■ YOUR OBJECTIVE ■
The result should hold only the lines from the one with "this 640×427 image." through the final line of the data below, transcribed exactly, pictures left out.

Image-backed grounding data

· · · · · · ·

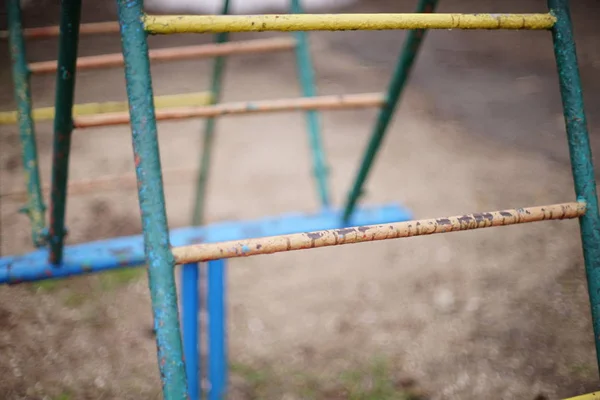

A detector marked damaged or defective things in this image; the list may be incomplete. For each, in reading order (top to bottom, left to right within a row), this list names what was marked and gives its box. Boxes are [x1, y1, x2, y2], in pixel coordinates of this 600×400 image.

rusty horizontal bar [0, 20, 119, 39]
rusty horizontal bar [143, 13, 556, 34]
peeling paint on bar [143, 13, 556, 34]
peeling paint on bar [27, 38, 296, 75]
rusty horizontal bar [28, 36, 296, 74]
orange rusty rail [29, 37, 296, 74]
rusty horizontal bar [0, 91, 213, 125]
rusty horizontal bar [71, 92, 384, 128]
peeling paint on bar [72, 92, 386, 128]
orange rusty rail [75, 92, 384, 128]
chipped blue paint [290, 0, 328, 208]
rusty horizontal bar [0, 167, 196, 202]
chipped blue paint [114, 0, 185, 396]
chipped blue paint [548, 0, 600, 376]
chipped blue paint [0, 203, 412, 284]
rusty horizontal bar [170, 202, 584, 264]
orange rusty rail [171, 202, 584, 264]
peeling paint on bar [171, 203, 584, 266]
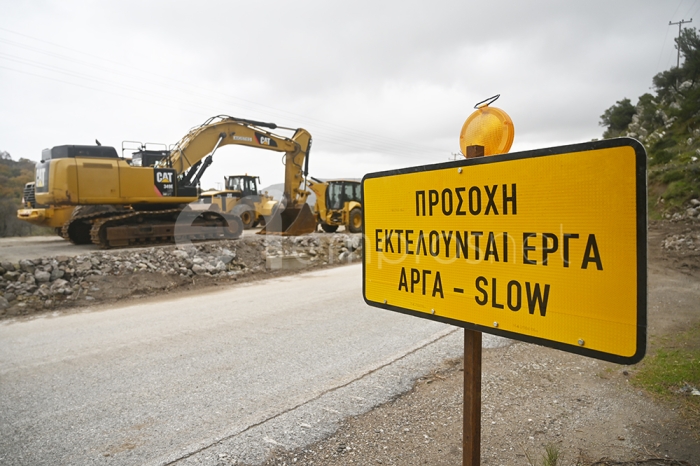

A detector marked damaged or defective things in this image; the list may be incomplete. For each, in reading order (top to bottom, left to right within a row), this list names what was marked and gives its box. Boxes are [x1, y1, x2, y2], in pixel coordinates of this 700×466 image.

rusty post [464, 328, 482, 466]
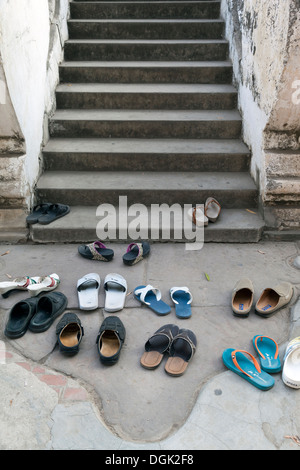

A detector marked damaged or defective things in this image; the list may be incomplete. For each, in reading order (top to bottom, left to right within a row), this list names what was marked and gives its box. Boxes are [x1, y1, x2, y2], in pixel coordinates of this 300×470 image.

cracked concrete surface [0, 241, 300, 450]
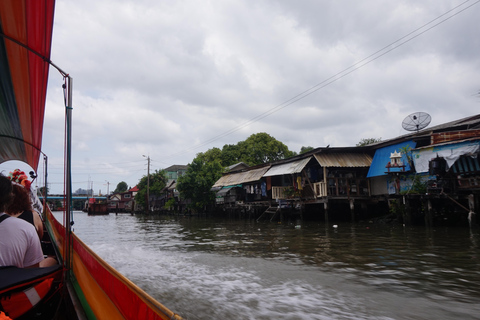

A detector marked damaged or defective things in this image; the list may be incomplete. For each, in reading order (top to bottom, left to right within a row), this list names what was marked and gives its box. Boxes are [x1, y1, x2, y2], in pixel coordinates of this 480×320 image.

rusty metal roof [262, 156, 312, 176]
rusty metal roof [316, 152, 374, 168]
rusty metal roof [213, 165, 272, 188]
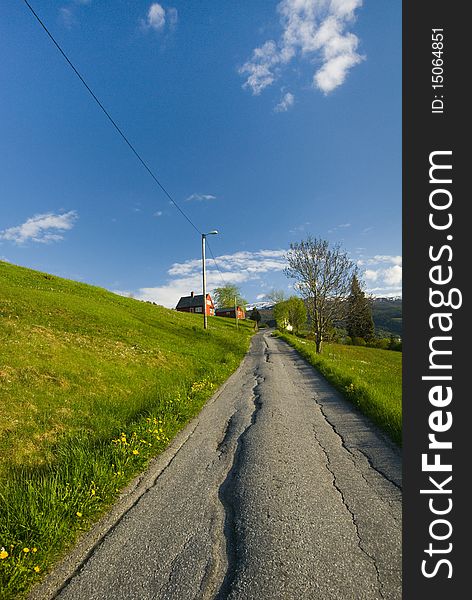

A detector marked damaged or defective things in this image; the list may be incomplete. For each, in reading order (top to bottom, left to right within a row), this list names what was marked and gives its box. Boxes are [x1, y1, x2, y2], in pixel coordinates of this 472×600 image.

cracked asphalt surface [37, 330, 400, 596]
crack in road [312, 426, 386, 600]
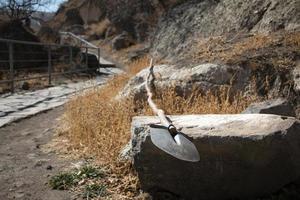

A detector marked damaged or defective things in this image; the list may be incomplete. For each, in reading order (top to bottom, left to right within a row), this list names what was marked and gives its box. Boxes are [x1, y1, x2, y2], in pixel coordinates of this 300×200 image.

rusty shovel blade [149, 126, 199, 162]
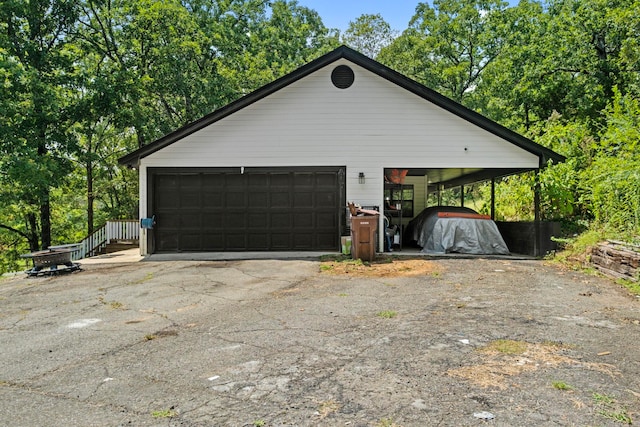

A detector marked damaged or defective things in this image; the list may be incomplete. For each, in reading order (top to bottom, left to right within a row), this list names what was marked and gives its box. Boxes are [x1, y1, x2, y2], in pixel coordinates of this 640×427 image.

cracked asphalt driveway [1, 256, 640, 426]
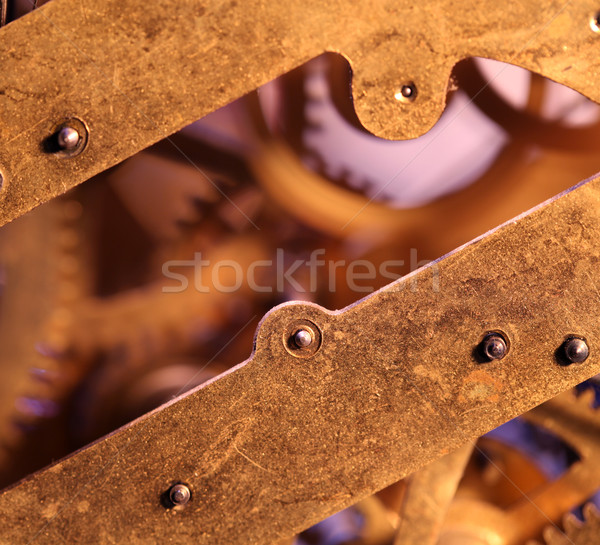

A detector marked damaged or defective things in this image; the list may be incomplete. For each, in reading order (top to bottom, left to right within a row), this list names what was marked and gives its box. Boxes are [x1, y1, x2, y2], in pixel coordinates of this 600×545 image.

rusted metal surface [2, 0, 600, 225]
corroded brass [2, 0, 600, 225]
rusted metal surface [1, 168, 600, 540]
corroded brass [3, 168, 600, 540]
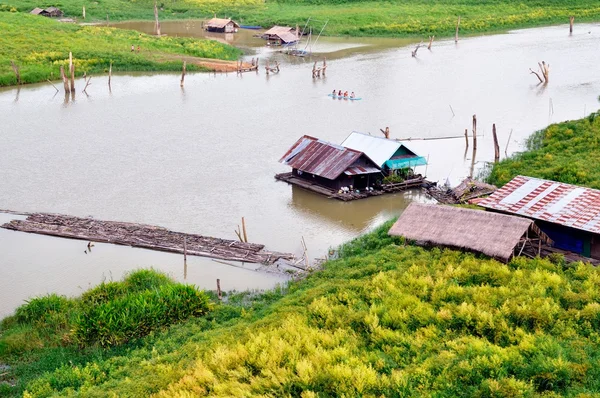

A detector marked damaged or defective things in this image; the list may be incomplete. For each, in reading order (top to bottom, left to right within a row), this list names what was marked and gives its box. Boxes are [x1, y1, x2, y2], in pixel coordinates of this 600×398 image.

rusty corrugated metal roof [280, 136, 370, 181]
rusty corrugated metal roof [480, 176, 600, 235]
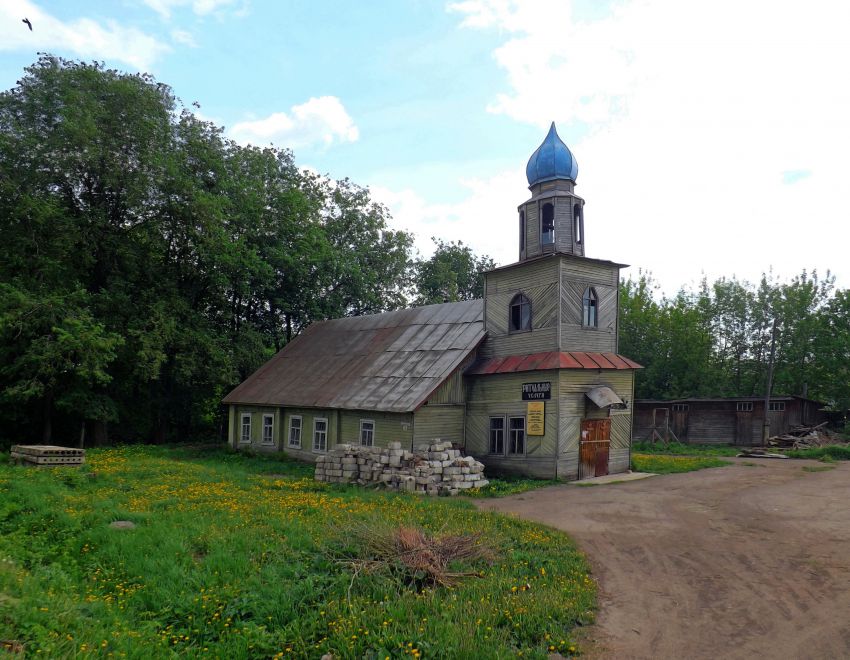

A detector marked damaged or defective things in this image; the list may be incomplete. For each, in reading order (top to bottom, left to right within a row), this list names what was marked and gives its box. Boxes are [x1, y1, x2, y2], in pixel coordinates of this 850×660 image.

· · · · · · ·

■ RESPONSE BELOW ■
A detector marked damaged or defective things in this image; the list may be incomplete. For each, in reading order (top to bottom, left to right within a row), this list names what was marked and gives its box. Boxes are [x1, y1, x2, y2], in pixel coordinates of this 640×427 image.

cracked asphalt driveway [1, 256, 640, 426]

A detector marked damaged or defective things in this image; the list may be incomplete. For each, in reading order (top to bottom, left to right within a row), this list names what was marked and gives its box. Boxes are [x1, y1, x2, y2], in pixel coordinates of this 600×545 image.

rusted metal surface [2, 0, 600, 225]
corroded brass [2, 0, 600, 225]
rusted metal surface [1, 168, 600, 540]
corroded brass [3, 168, 600, 540]

A detector marked damaged or defective things in this image; the list may be incomplete. For each, in reading order (top to bottom, left to right within a row), this list names what was marked and gives its box. Boxes are [x1, y1, x2, y2], in pixel coordinates of this 600×398 image.

rusty corrugated metal roof [280, 136, 370, 181]
rusty corrugated metal roof [480, 176, 600, 235]

A detector marked damaged or defective things in this image; the list may be incomplete. For each, in reading order (top to bottom, left to right within a row), this list names what was marked and gives its box. Boxes are [x1, y1, x2, y2], in pixel coordinates of this 850×660 image.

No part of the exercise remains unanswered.